# Cutting cabinets for larger stove



## Doug Fir (Feb 2, 2007)

We need to replace our stove, a drop in electric.  

Problem is, the old one is 29" wide and the space in the counters was cut for that width.  All the new ones are 30" or more.  

What's a good way to achieve a nice, straight clean cut to make the stove space 1" wider?  We have to go across the counter and down the front.

Thanks.

Doug Fir


----------



## Daryl in Nanoose (Feb 3, 2007)

First, grab a arbrite cutting knife at your local home center or hardware store. You will also need a jigsaw with a good clean cutting blade,2" masking tape  and a square. Use a square to mark the cut lines and score them with a arbrite knife. Then mask off with masking tape the cut lines and a couple of inches on the saved part of the counter top ( this protects the top from scratches left by the jigsaw base. Now remark your cut lines and saw away. Most drop ins have a lip that sits on top so you should have a little grace.


----------



## Doug Fir (Feb 3, 2007)

Daryl,

Thanks for the info.

I forgot to mention that the countertops are laminates, if that makes any difference in your answer.  I suspect it does not.

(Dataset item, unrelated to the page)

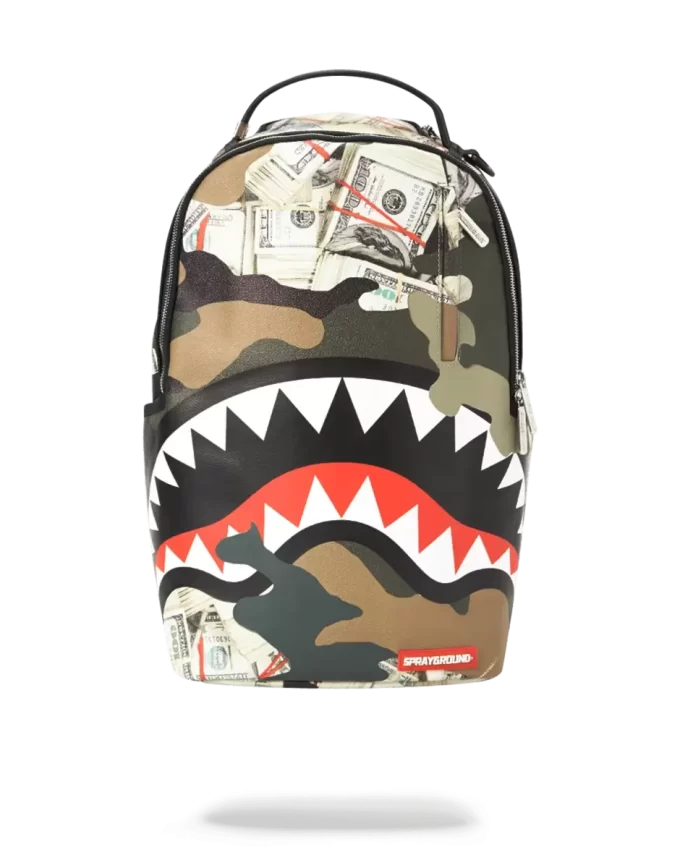 SQUALO MIMETICO MONEY SHARK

My jigsaw cuts pretty slowly.  Do you suppose it would be safe to use a circular saw across most of the counter, then use the jigsaw for places the circular saw won't reach?


----------



## glennjanie (Feb 3, 2007)

Hey Doug:
The circular saw is not the best way to cut a countertop because the blade cuts in an upward motion and will chip the laminate. A reciprocating saw (sawzall) with a hacksaw blade is good in this case; it will cut quicker and straighter than many jigsaws will. The jigsaw blade is bad about overheating and wandering, plus they are harder to see.
Glenn


----------



## Daryl in Nanoose (Feb 4, 2007)

*The circular saw is not the best way to cut a counter top because the blade cuts in an upward motion and will chip the laminate.[*B][/B]
I agree 100%. 
 I have not had any problems using a jig saw with a "new blade", just take your time. A sawzall works to but if you do not have one or use one very often I would think it might be a little clumsy.


----------